Yes to an alliance with liberals, but local conditions matter.

Carl Davidson and Bill Fletcher Jr.’s “New Hypotheses for the Road Ahead” is an excellent and necessarily broad blueprint for where we go from here.  With the following points, I’m mainly amplifying and extending certain observations in their piece, though I have a few areas of divergence.

Labels for the far right are important, but only to a point.  Admittedly, what we choose to call the far right only matters to a point.  Whether we’re labelling them “white nationalist,” “fascist,” or “the radical right,” the most important thing is our own strategy, not what we call the opponent.  Labels do matter, however, when they confuse praxis.

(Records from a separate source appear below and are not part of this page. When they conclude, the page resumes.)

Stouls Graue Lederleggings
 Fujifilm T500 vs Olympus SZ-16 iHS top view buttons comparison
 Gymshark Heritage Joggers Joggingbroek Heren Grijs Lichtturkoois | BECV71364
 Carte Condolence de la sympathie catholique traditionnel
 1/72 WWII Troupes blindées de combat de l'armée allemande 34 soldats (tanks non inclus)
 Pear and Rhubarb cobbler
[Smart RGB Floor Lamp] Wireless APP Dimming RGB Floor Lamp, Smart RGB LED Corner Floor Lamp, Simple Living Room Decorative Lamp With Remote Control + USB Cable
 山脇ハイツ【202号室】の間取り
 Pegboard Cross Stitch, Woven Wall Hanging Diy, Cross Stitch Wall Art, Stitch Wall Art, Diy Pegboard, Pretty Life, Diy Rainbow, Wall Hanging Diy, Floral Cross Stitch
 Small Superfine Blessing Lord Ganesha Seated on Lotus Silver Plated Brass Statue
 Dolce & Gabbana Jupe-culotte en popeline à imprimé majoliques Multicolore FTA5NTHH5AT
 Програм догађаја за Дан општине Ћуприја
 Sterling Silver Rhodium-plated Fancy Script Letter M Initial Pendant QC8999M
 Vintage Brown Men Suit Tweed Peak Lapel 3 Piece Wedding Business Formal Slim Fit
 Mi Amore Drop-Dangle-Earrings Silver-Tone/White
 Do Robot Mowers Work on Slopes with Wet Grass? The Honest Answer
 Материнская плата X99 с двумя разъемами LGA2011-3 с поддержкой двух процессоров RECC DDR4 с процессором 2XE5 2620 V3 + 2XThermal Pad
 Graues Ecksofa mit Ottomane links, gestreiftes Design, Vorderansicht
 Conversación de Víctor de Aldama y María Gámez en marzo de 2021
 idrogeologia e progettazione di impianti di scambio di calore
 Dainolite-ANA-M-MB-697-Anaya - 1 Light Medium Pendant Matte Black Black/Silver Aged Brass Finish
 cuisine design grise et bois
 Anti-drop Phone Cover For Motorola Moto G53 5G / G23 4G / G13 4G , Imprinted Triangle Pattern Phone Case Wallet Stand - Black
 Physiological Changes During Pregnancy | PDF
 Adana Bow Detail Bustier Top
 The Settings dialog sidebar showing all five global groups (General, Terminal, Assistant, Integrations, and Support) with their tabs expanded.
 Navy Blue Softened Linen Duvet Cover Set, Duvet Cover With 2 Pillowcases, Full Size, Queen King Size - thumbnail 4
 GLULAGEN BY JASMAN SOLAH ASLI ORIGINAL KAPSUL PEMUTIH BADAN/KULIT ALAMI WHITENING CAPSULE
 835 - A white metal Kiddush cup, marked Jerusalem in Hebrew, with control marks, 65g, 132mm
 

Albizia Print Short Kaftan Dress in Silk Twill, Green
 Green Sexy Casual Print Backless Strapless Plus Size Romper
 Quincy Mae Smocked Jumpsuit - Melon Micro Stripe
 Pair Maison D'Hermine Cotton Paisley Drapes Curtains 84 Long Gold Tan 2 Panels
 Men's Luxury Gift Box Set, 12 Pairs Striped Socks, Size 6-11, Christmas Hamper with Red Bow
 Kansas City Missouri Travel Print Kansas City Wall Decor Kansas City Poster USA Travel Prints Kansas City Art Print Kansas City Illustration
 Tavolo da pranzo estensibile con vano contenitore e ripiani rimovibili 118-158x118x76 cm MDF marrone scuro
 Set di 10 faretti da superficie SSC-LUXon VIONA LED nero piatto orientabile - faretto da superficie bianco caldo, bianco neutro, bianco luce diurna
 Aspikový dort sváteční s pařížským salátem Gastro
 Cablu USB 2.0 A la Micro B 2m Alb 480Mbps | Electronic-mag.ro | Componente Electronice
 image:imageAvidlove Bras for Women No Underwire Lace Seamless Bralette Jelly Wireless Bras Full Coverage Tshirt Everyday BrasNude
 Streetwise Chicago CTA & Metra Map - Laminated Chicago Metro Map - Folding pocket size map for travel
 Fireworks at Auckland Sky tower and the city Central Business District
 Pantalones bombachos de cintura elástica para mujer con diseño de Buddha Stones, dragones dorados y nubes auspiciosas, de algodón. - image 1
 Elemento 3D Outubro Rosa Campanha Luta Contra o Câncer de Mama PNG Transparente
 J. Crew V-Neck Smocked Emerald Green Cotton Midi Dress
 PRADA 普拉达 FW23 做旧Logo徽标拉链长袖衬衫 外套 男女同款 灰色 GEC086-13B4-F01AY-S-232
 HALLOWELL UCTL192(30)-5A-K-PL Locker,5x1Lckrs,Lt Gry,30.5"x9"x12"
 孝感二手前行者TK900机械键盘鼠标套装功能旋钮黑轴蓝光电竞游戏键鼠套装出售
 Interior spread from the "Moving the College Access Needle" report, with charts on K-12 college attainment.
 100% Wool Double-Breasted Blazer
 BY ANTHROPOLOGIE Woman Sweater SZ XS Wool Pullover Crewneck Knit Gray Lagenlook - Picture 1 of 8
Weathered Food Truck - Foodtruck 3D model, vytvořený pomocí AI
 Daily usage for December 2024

With that in mind, calling the far right “populist,” as many liberal media outlets do, is a dangerous trap to fall into (for the record, I don’t think Davidson and Fletcher use this word in an unproductive way in their piece).  Populism can go left or right.  It’s a majoritarian strategy that speaks to working-class and middle-class existential needs (often economic ones) that aren’t clearly addressed within the hegemonic terms of the major political parties.  The left needs more of this (remember Occupy Wall Street?).  In calling the enemy “populist,” the left sets itself up for a technocratic isolation from the people.

But I’m also OK with the fascist label, more so than Davidson and Fletcher.  To be sure, fascism is only one form of right-wing authoritarianism, and not everything evil in the world needs to go by that name.  Trump was never able to convert the U.S. into a fully authoritarian state, but he has an essentially fascist personality, and enough of his organizationally fragmented base meets “the fascist minimum.”  That is, their animating passions are not simply de-regulation, tax cuts, and elite class rule.  Rather, they’re mostly middle-class folks driven by an authoritarian, racist, ultranationalist, hypermasculine warrior ethos.  When we use the word “conservative,” we know full-well that it’s a broad brush, and that its policy particulars and even ideological specifics change over time.  When we call Ted Cruz a “conservative,” in other words, we know he sounds nothing like Alexander Hamilton.  Likewise, we need to remember that calling something “fascist” doesn’t mean that it’s an exact repetition of Nazi Germany or Mussolini’s Italy; rather, “fascism” is a broad designation for a particular strand of far right politics that takes on particular characteristics in each national context.  The label also evokes real and politically powerful historical continuities.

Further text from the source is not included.